WHAT IS EXPECTED:
Set down every record below exactly as it appears, but without the pictures.

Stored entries
....................
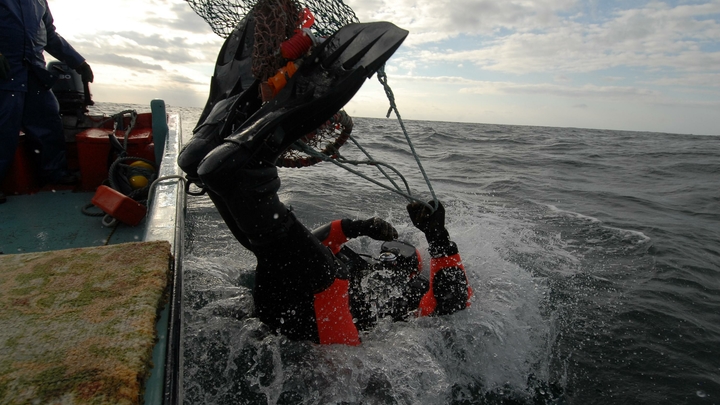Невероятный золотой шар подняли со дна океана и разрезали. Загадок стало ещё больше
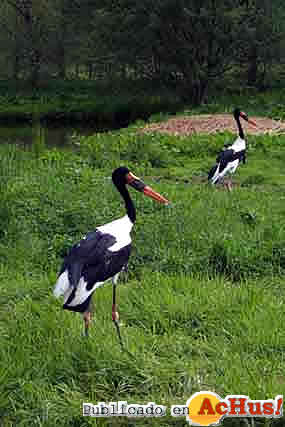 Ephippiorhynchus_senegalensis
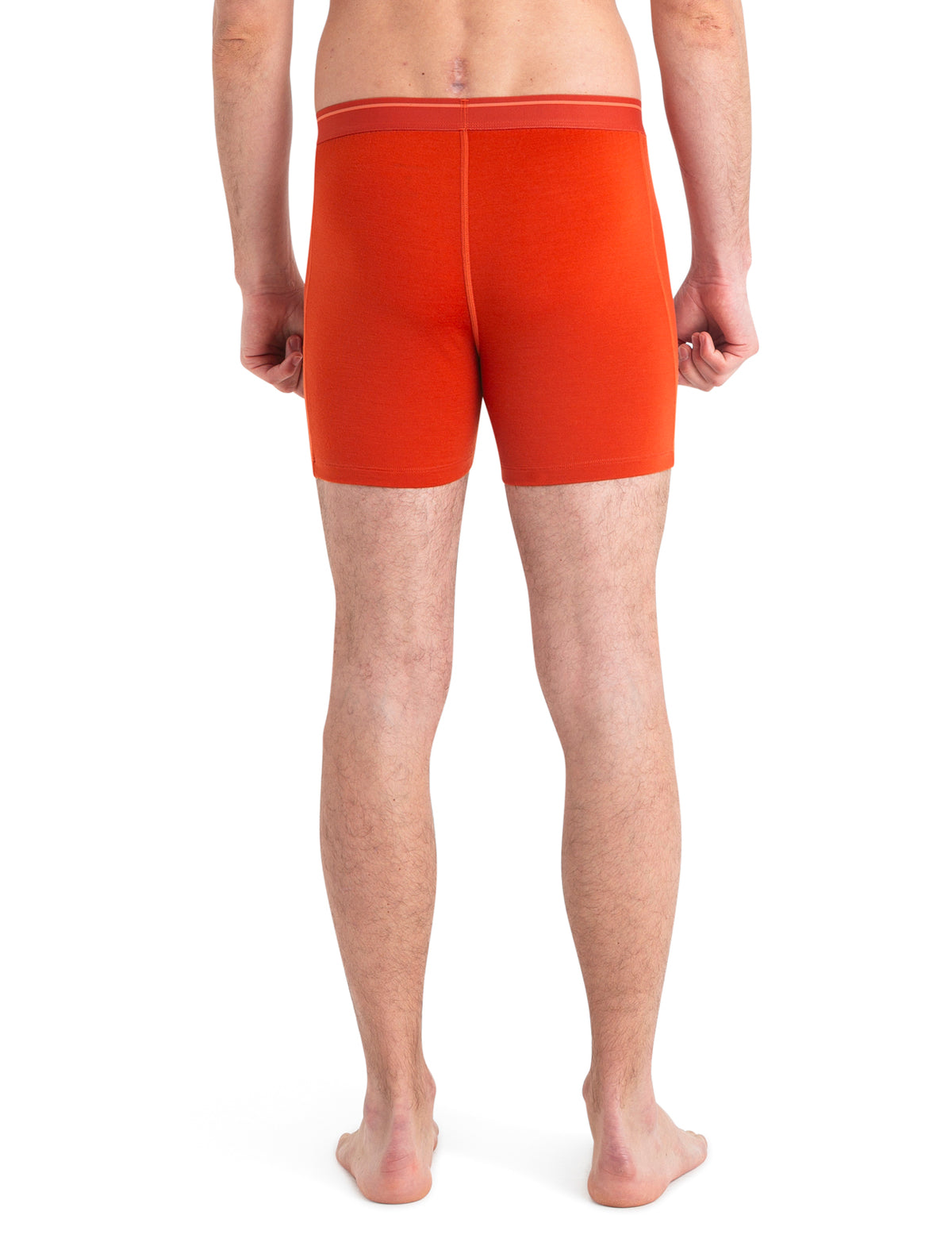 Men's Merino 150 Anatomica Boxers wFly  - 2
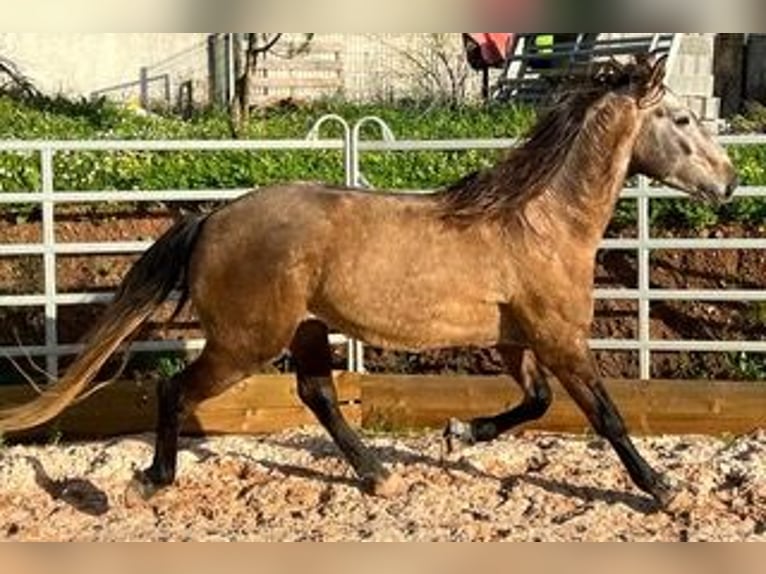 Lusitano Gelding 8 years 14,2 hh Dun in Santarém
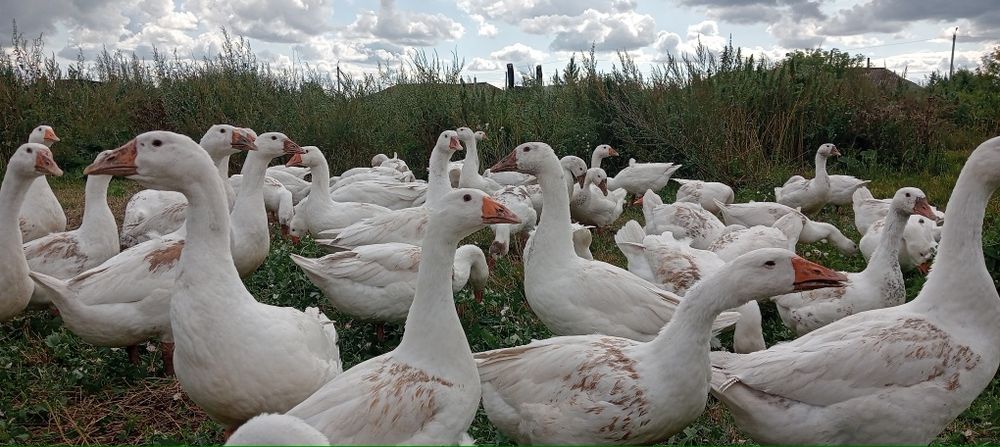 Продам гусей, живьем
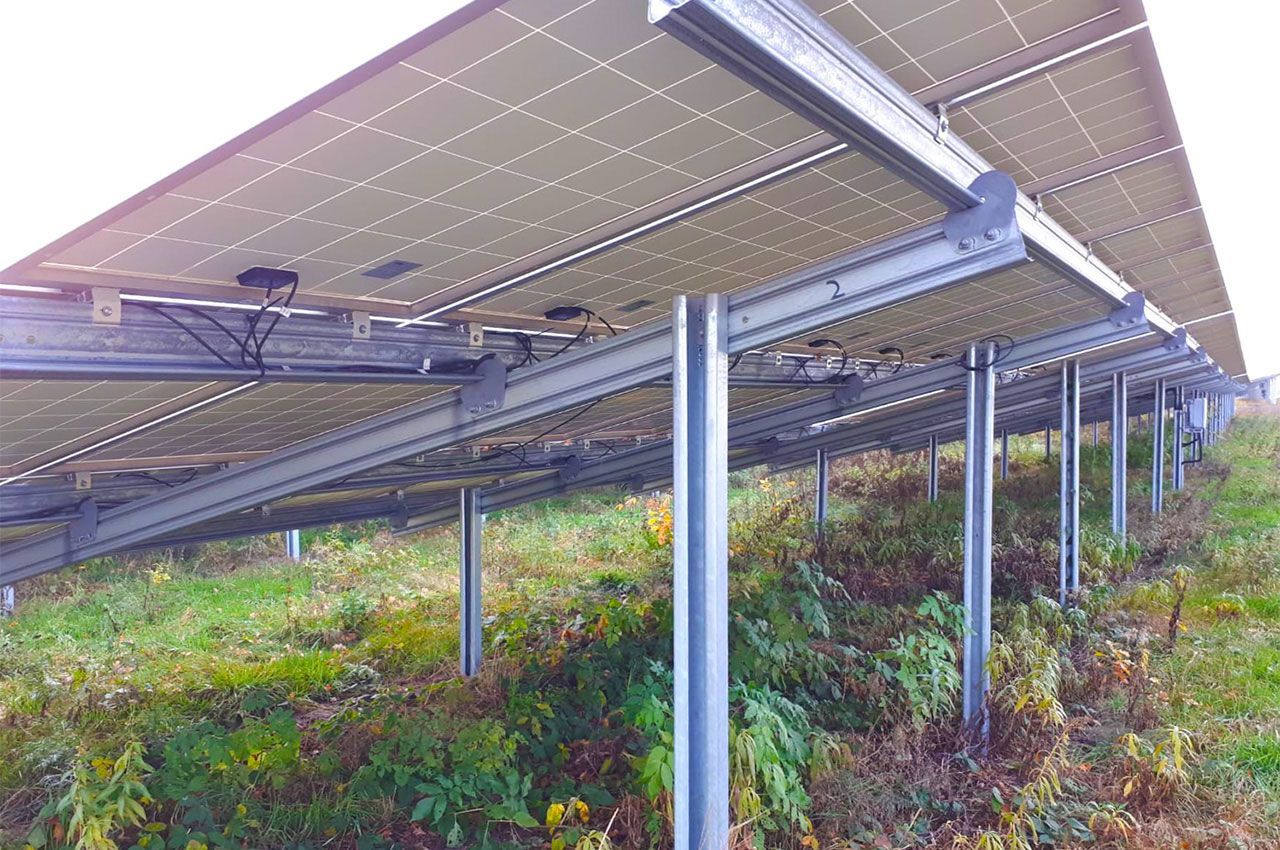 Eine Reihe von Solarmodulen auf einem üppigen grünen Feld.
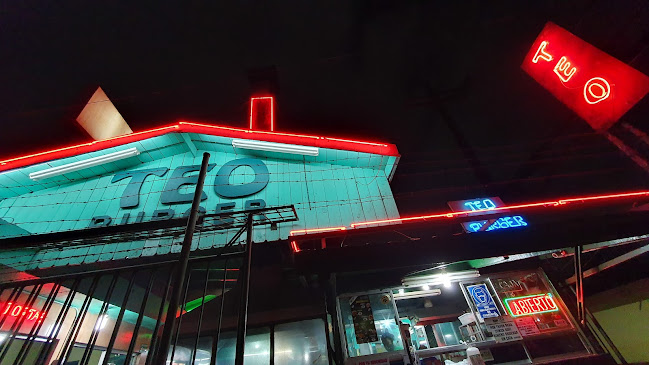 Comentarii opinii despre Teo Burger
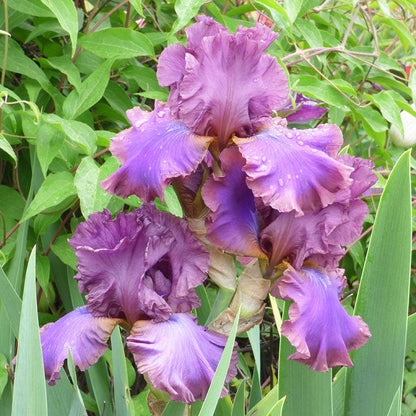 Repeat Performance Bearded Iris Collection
....................
TASK RESULT:
Невероятный золотой шар подняли со дна океана и разрезали. Загадок стало ещё больше
 Ephippiorhynchus_senegalensis
 Men's Merino 150 Anatomica Boxers wFly  - 2
 Lusitano Gelding 8 years 14,2 hh Dun in Santarém
 Продам гусей, живьем
 Eine Reihe von Solarmodulen auf einem üppigen grünen Feld.
 Comentarii opinii despre Teo Burger
 Repeat Performance Bearded Iris Collection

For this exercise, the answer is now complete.